Ci sono esercizi utili per migliorare la propria scrittura?
Oltre a scrivere per sé, per cercare di far venir fuori la propria voce e affinarla, tradurre è senz’altro un utile addestramento. In generale, poi, lavorare sui testi degli altri – anche solo fare correzione di bozze – è estremamente d’aiuto per capire come sono costruiti i testi dall’interno, per capire come suonano, che tipo di scelte vengono fatte.

Quindi è anche molto importante leggere…

Quello lo do per scontato. Personalmente, per me leggere è ancora più importante che scrivere, non posso farne a meno. E non devono poterne fare a meno tutti coloro che vogliono cimentarsi nella scrittura: prima di tutto è importante “assaggiare”, sperimentare, sia per trovare dei modelli, sia per capire ciò che non si vuole essere e trovare per contrasto una propria strada, una propria identità.

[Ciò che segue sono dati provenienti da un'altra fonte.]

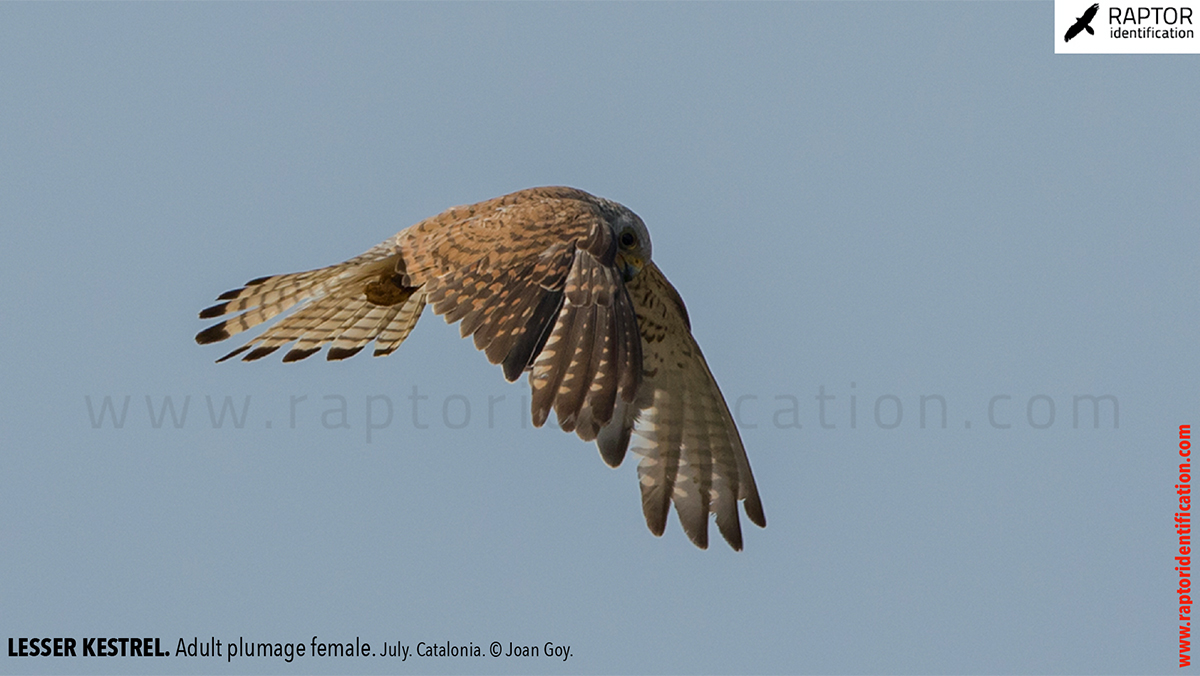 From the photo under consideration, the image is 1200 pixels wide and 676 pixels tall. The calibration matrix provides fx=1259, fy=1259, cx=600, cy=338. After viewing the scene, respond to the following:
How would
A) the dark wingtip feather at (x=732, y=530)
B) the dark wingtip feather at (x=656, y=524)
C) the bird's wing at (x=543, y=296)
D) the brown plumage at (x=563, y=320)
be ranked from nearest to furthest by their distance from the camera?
the bird's wing at (x=543, y=296)
the brown plumage at (x=563, y=320)
the dark wingtip feather at (x=656, y=524)
the dark wingtip feather at (x=732, y=530)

Come  si sceglie lo stile di scrittura più indicato per una storia? Viene spontaneo oppure bisogna ragionarci?
A me è sempre venuto molto naturale, ma la scrittura è di solito preceduta da una profonda riflessione, non tanto su aspetti tecnici – come per esempio la scelta di usare la prima persona piuttosto che la narrazione in terza persona, il presente piuttosto che il passato – quanto sulla storia stessa. Da questa fase di familiarizzazione con la storia, con le sue tonalità, viene fuori spontaneamente anche quello che è il modo giusto per raccontarla.
Questa però è una mia caratteristica personalissima, ho amici scrittori che invece costruiscono degli schemi preliminari, che hanno un modo di procedere molto più razionale.

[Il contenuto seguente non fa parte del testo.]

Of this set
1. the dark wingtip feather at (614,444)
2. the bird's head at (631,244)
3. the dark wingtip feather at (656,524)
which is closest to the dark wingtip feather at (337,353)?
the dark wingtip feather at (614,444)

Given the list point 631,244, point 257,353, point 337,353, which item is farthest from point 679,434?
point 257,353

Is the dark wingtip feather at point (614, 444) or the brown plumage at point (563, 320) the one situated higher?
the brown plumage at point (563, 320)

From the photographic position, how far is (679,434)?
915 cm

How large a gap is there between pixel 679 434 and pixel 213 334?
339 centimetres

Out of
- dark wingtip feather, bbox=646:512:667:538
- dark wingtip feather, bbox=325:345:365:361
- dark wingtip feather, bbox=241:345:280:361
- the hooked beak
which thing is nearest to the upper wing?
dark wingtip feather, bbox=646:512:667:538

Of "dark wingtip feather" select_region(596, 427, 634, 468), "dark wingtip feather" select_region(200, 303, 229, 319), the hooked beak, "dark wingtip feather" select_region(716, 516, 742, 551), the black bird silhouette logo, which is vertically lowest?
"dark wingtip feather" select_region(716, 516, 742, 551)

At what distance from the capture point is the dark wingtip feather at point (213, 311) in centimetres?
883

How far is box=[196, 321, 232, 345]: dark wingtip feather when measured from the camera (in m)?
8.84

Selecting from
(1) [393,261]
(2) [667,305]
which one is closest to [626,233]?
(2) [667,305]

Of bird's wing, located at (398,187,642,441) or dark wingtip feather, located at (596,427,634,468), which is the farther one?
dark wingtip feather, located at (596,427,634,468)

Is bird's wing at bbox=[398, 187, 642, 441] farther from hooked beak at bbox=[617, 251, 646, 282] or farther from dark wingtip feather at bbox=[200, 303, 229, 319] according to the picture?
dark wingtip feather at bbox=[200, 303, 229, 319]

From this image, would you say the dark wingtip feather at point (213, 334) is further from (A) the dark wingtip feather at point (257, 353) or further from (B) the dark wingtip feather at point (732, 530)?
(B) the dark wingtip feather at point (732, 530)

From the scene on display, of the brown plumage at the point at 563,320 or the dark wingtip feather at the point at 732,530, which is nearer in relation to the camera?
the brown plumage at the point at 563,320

Aiuta avere presente il pubblico a cui ci si vuole rivolgere, un target di riferimento, o è meglio scrivere cercando di tirare fuori ciò che si ha dentro di sé?

Ho vicine esperienze molto diverse da poter confrontare. Chiaramente, quando si scrive per bambini, bisogna tenere presente il pubblico cui ci si sta rivolgendo. Se si scrive per bambini sotto i 6 anni bisogna scegliere un certo vocabolario, tra i 6 e gli 8 un altro, e così via. Dopo il 12-13 anni si può usare praticamente qualsivoglia vocabolario e parlare di qualsiasi tema, purché sia interessante per il lettore di quella fascia.
Quando si scrive invece per adulti – e qui la mia esperienza è più ristretta, si limita a questo romanzo e a una serie di racconti pubblicati su riviste – non si hanno questo tipo di vincoli. In questo caso la scrittura è un processo molto personale, è solo a un certo punto del lavoro che si matura la consapevolezza che una storia non riguarda solo se stessi, ma ha un respiro e un interesse più ampio.

Quali tratti del carattere secondo lei aiutano più uno scrittore?
Penso la curiosità e l’attenzione agli altri, che si riflettono in un certo modo di osservare la realtà. La scrittura non può prescindere dall’osservazione del reale, anche del quotidiano, di dettagli banali, che poi nelle storie si trasfigurano. Il dato realistico lo si coglie solo si è poco concentrati su di sé e molto su ciò che accade attorno.

Ci può dare qualche consiglio su come farsi pubblicare?

Parlando in questo caso da editor, da persona dunque che si trova dall’altra parte della barricata, posso dire che va sfatata l’idea che sia quasi impossibile farsi pubblicare. Una storia che ha davvero qualcosa da dire, prima o poi trova la sua strada. In primo luogo bisogna capire quali potrebbero essere gli editori interessati a quel genere di libro: mandare a tutti indiscriminatamente è una perdita di tempo, oltre a essere una mancanza di rispetto nei confronti di chi fa un certo tipo di lavoro. E poi naturalmente raccomando la pazienza: non bisogna essere troppo insistenti, perché dall’altra parte si genera soltanto nervosismo. I libri vengono letti, valutati e considerati – del resto è il sogno di ogni editor trovare “il proprio autore”. C’è dunque molta curiosità nei confronti degli aspiranti scrittori, ma esser scoperti potrebbe richiedere del tempo.